Jack Lipsham

Personal information
- Full name: John Reginald Lipsham
- Date of birth: 1881
- Place of birth: Chester, England
- Date of death: 1959 (aged 77–78)
- Position: Winger

Youth career
- Chester St John's

Senior career*
- Years: Team / Apps / (Gls)
- 1903–1906: Chester
- 1906–1907: Liverpool / 3 / (0)
- 1907–1913: Chester
- 1913–1919: Wrexham
- 1919–1921: Chester

= Jack Lipsham =

English footballer (1881–1959)

Jack Lipsham (1881 – 1959) was an English footballer. He played in The Football League for Liverpool, although much of his career was spent in non–league football with Chester. He played more than 300 games for the club in three spells.

==Playing career==
Jack was one of four brothers to play for their hometown club of Chester, with older brother Bert going on to be capped by England. He broke into the side in the left wing slot at the start of the 1903–04 season at a similar time to when brother Tommy was emerging on the right. In 1906 he joined Football League champions Liverpool, but just a year and three appearances later he was back at Chester and helped them win the Welsh Cup in 1908.
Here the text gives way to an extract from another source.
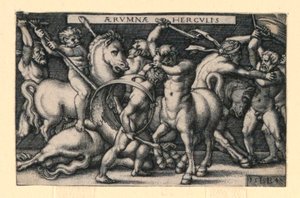 Herkules harcol a kentaurokkal alkotó: Hans Sebald Beham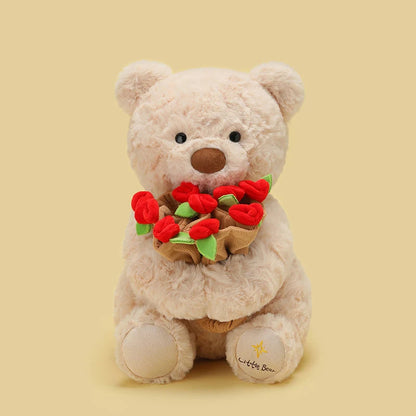 Teddy Bear Plush With Roses Soft Stuffed Bear Gift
Lipsham remained at Chester until the end of the 1912–13 season, when he left for local rivals Wrexham. The move displeased the Chester directors, who felt let down after the home match against Hyde two months earlier had been declared as a benefit match for Lipsham and Billy Matthews, raising £82-10s for the long–serving duo. But he returned to Chester ahead of the 1919–20 season, where he played for two years before retiring.